One trait that many types and instances of ellipsis have in common is that the appearance of ellipsis is optional. The occurrence of VP-ellipsis, for instance, is often optional, e.g. He will help, and she will (help), too. Whether or not the second occurrence of the verb help is elided in this sentence is up to the speaker and to communicative aspects of the situational context in which the sentence is uttered. This optionality is a clear indication of ellipsis. At other times, however, ellipsis seems to be obligatory, for instance with cases of comparative deletion, e.g., *More girls were there today than girls were there yesterday. The second occurrence of girls must be omitted in this sentence (More girls were there today than were there yesterday). The obligatory occurrence of ellipsis complicates the analysis, since one can argue that obligatory cases are not really instances of ellipsis at all, but rather a null pro-form is involved. These aspects of the theory should be kept in mind when considering the various types and instances of ellipsis enumerated below.

==Types==
There are numerous widely acknowledged types of ellipsis. They include:
1. Gapping
2. Stripping
3. Verb phrase ellipsis
4. Pseudogapping
5. Answer ellipsis
6. Sluicing
7. Nominal ellipsis
8. Comparative deletion
9. Null complement anaphora
Among experts, there is no unanimity that all of the abovementioned syntaxes form a natural class in the sense of being derived by one and the same mechanism. Ellipsis-based accounts have been given for other syntaxes, and some of the above have been analyzed in other ways. Most experts would agree, however, that most of the above items are in fact ellipses, so the discussion below takes their status as ellipses largely for granted.

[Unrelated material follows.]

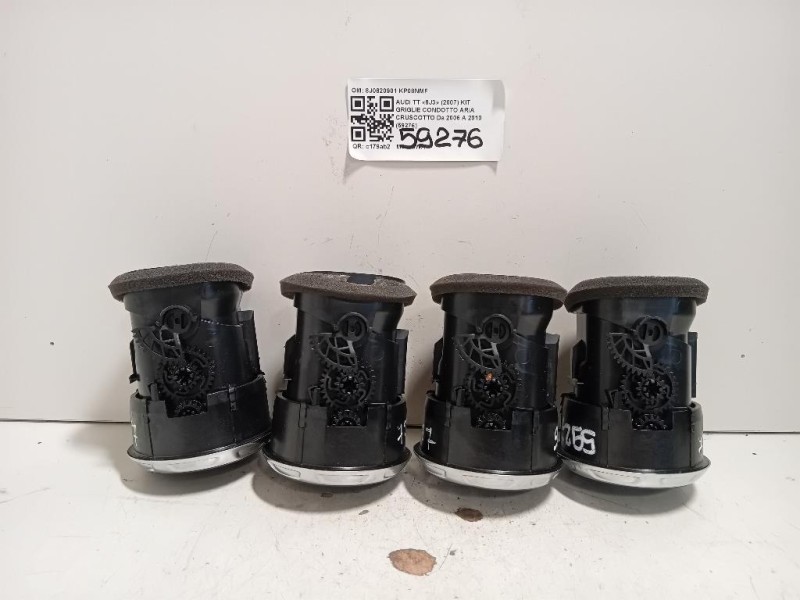 KIT Griglie Condotto ARIA Cruscotto 8J0820901 Audi TT 8J3 2007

The example sentences below employ the convention whereby the elided material is indicated with subscripts and smaller font size. All examples given below come from English though similar patterns arise cross-linguistically, with variation from language to language.

===Gapping===
Gapping occurs in coordinate structures. Redundant material that is present in the immediately preceding clause can be "gapped". This gapped material usually contains a finite verb. Canonical cases have a true "gap" insofar as a remnant appears to the left and to the right of the elided material.

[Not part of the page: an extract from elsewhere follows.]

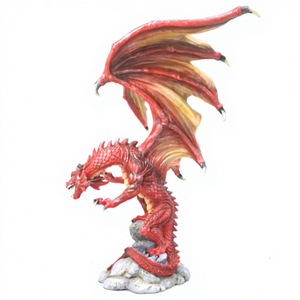 Statuetta Artigianale in Poliresina Personalizzata OEM, Modello di Draghi di Fuoco Antichi, Scultura 3D 20cm, Stile Europeo, Oggetto da Collezione - Product Image 1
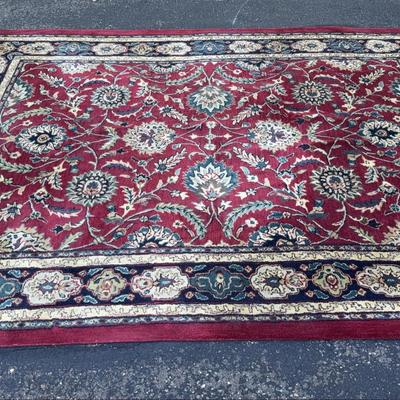 8’ x 11’ 100% Wool Pile Area Rug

John can play the guitar, and Mary _{can play} the violin.
Fred took a picture of you, and Susan _{took a picture} of me.

While canonical cases have medial gaps as in these two sentences, the gap need not be medial, and it can even be discontinuous, e.g.:

She persuaded him to do the homework, and he _{persuaded} her _{to do the homework}.
Should I call you, or _{should} you _{call} me?

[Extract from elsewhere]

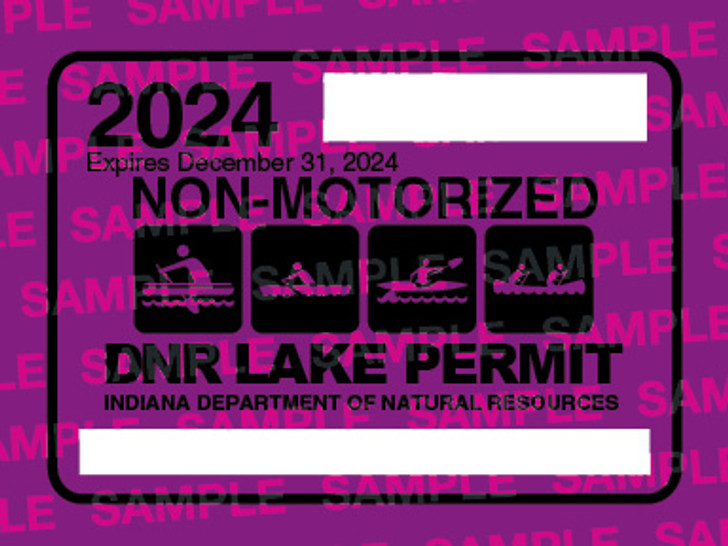 2024 Non-Motorized Lake Permit*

While these two sentences again each have two remnants, the gapped material is no longer continuous. There are in a sense two gaps in each of the gapped clauses. Gapping has been thoroughly studied, and it is therefore reasonably well understood, although the theoretical analyses can vary significantly.

===Stripping===
Stripping is also known as bare argument ellipsis. Many linguists take stripping to be a particular manifestation of gapping whereby just one remnant appears in the gapped clause instead of the two (or more) that occur in instances of gapping. The fact that stripping is limited to occurring in coordinate structures is the main reason why stripping is integrated into the analysis of gapping:

John can play the guitar, and Mary _{can play the guitar}, also.
Sam has attempted problem 1, and _{he has attempted} problem 2 as well.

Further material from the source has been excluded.